#### Material provided

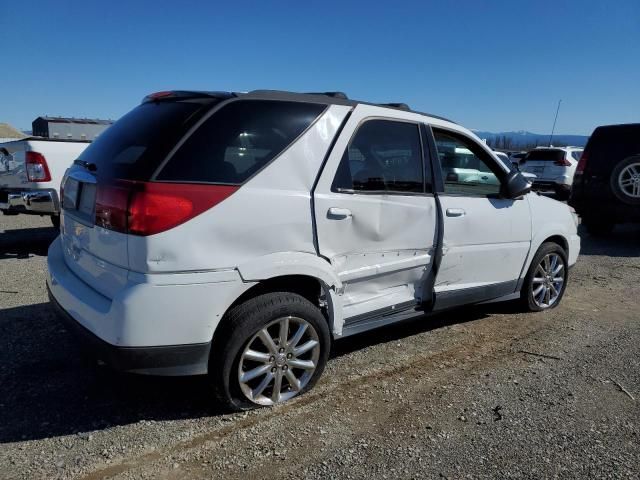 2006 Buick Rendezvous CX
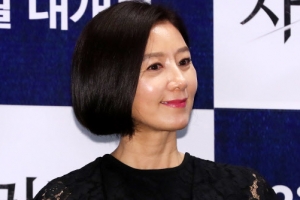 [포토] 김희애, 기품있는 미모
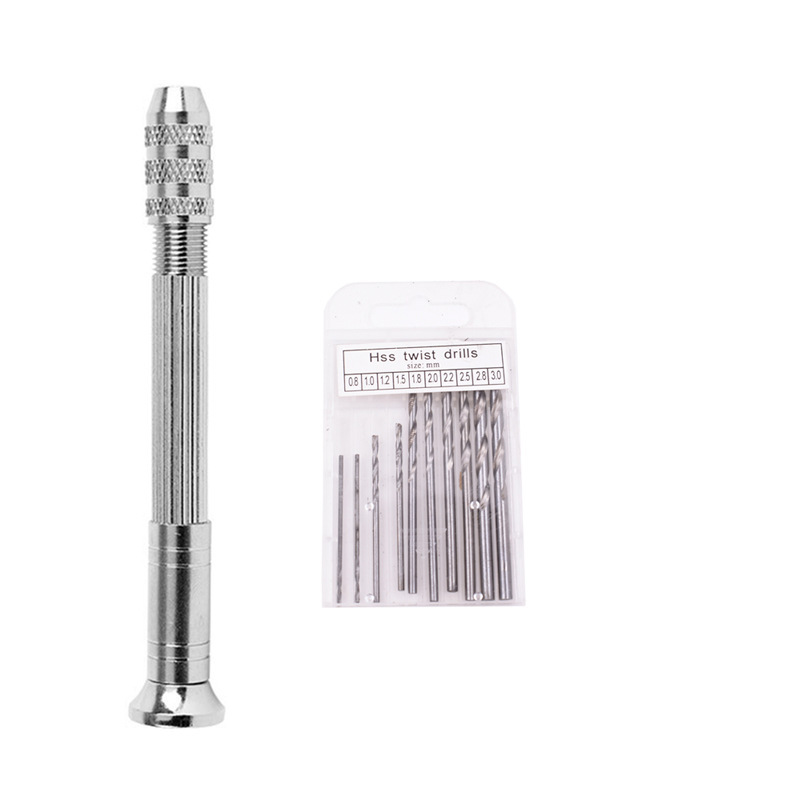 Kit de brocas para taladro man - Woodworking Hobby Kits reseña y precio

########
#### Material provided

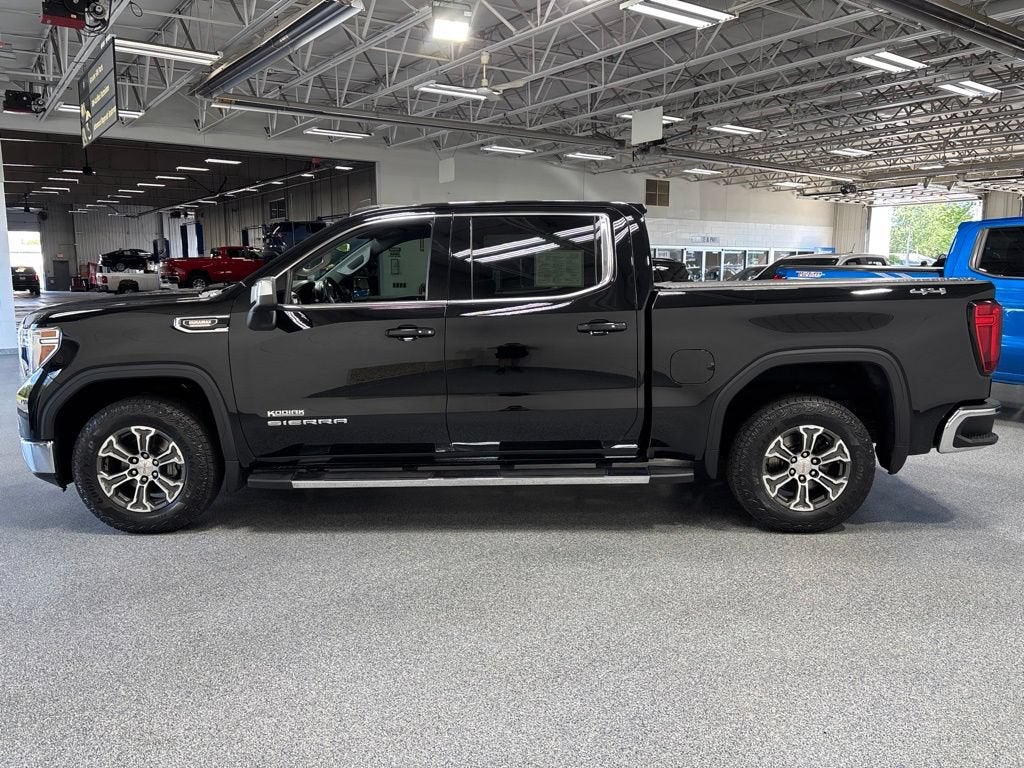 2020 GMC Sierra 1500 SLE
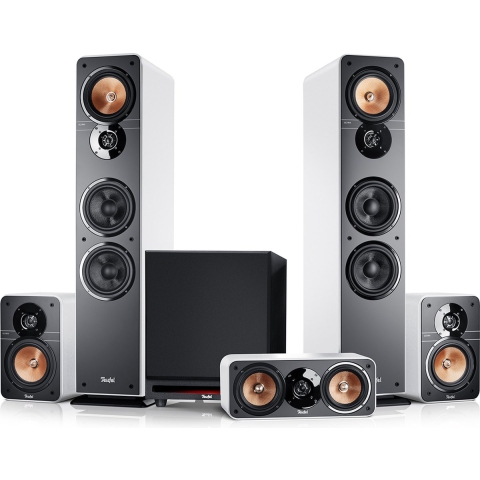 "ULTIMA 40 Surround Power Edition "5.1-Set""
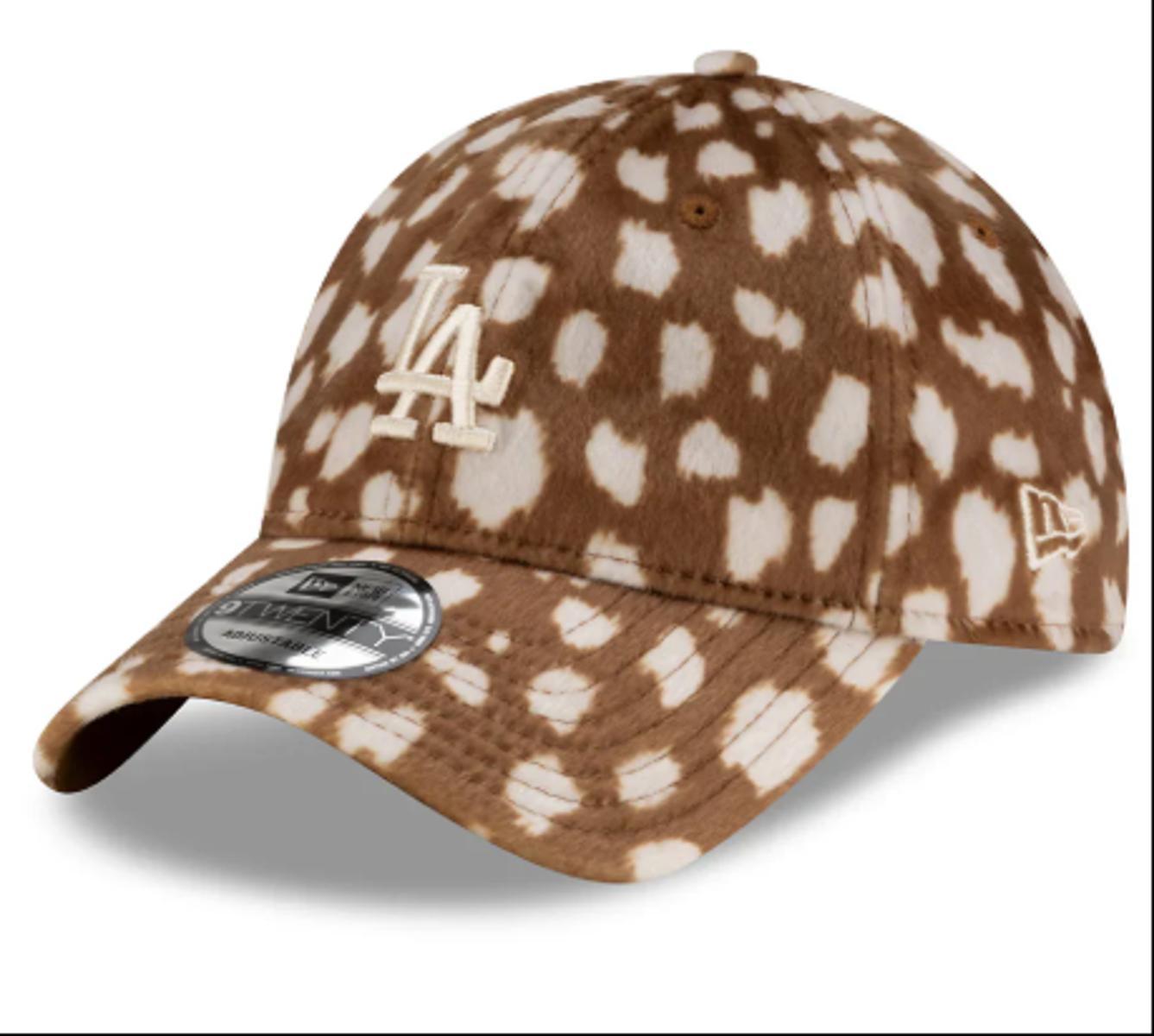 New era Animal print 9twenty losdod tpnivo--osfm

########

* **The problem**
Taking the material above, give again exactly the lines from the one holding "40 Surround Power" through the one holding "New era Animal", with both ends and without pictures.

* **Solution for this problem**
 "ULTIMA 40 Surround Power Edition "5.1-Set""
 New era Animal print 9twenty losdod tpnivo--osfm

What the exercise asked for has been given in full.